YOUR OBJECTIVE. Search the entries below for "Corgi Toys F1". Give that line and all the lines after it again, exactly, through the last, without pictures.

(Scraped caption text data)
**********

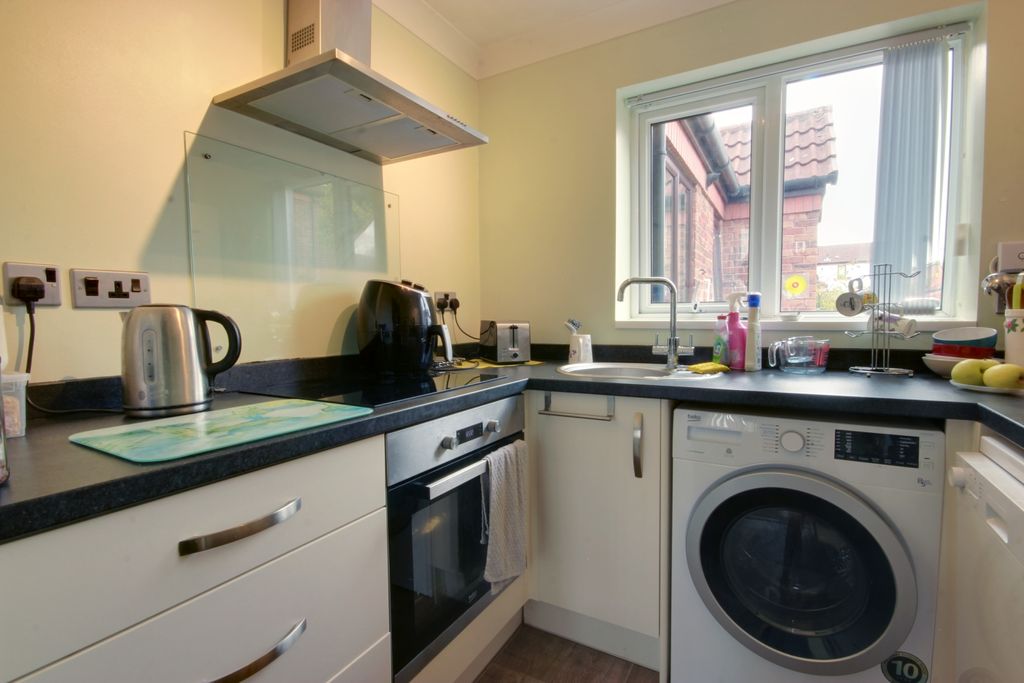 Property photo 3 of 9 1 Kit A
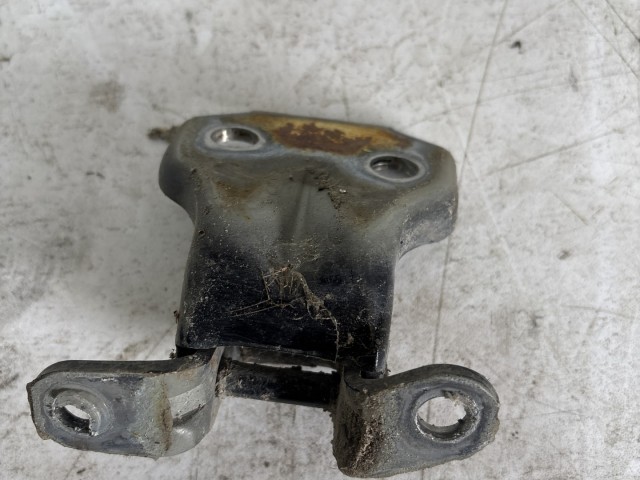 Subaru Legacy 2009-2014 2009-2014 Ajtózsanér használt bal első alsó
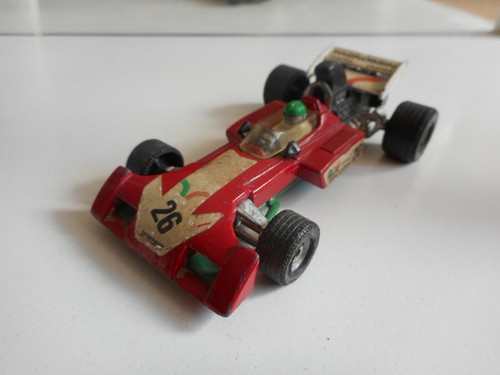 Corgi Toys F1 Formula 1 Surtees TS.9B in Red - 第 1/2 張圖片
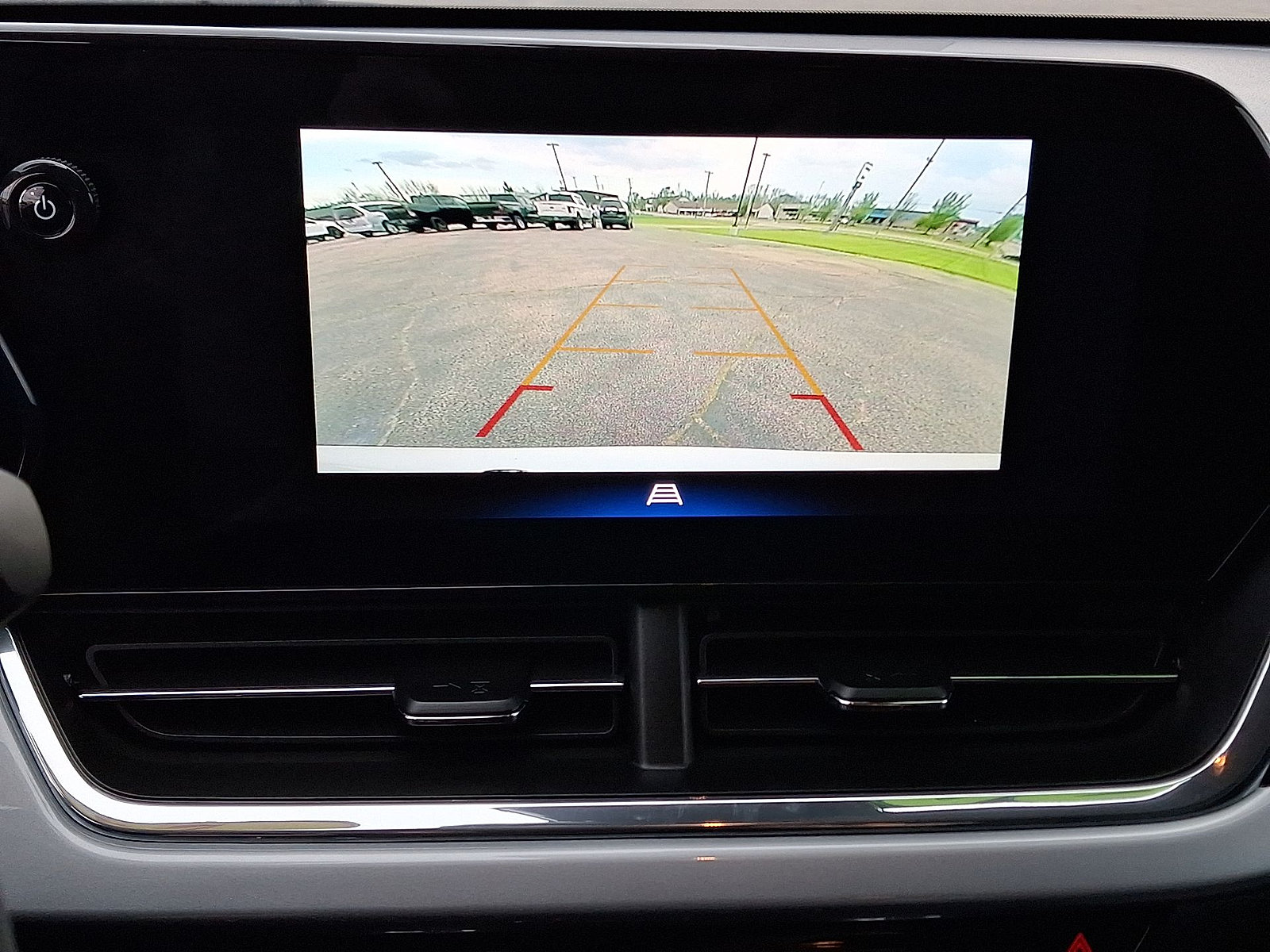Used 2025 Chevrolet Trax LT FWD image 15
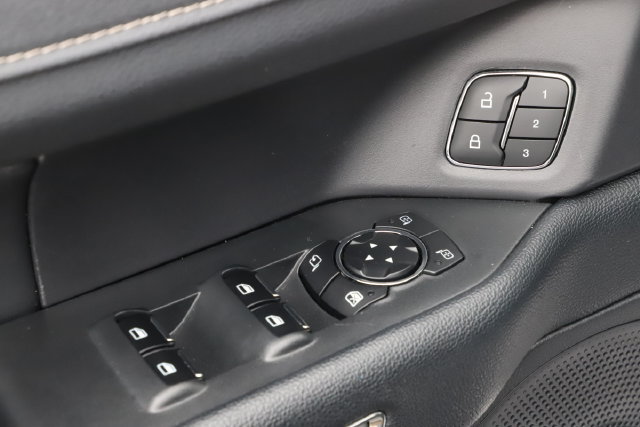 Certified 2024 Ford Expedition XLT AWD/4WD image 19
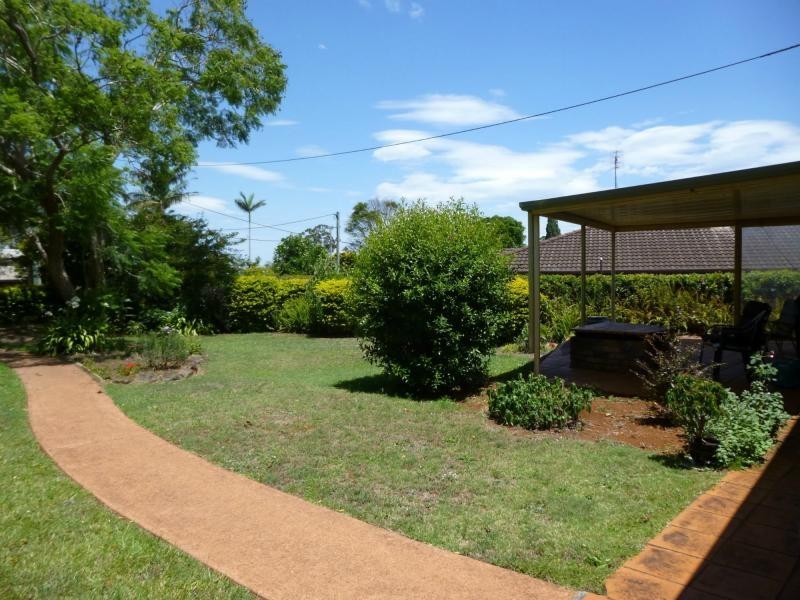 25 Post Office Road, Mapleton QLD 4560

**********

EXERCISE RESULT.
 Corgi Toys F1 Formula 1 Surtees TS.9B in Red - 第 1/2 張圖片
Used 2025 Chevrolet Trax LT FWD image 15
 Certified 2024 Ford Expedition XLT AWD/4WD image 19
 25 Post Office Road, Mapleton QLD 4560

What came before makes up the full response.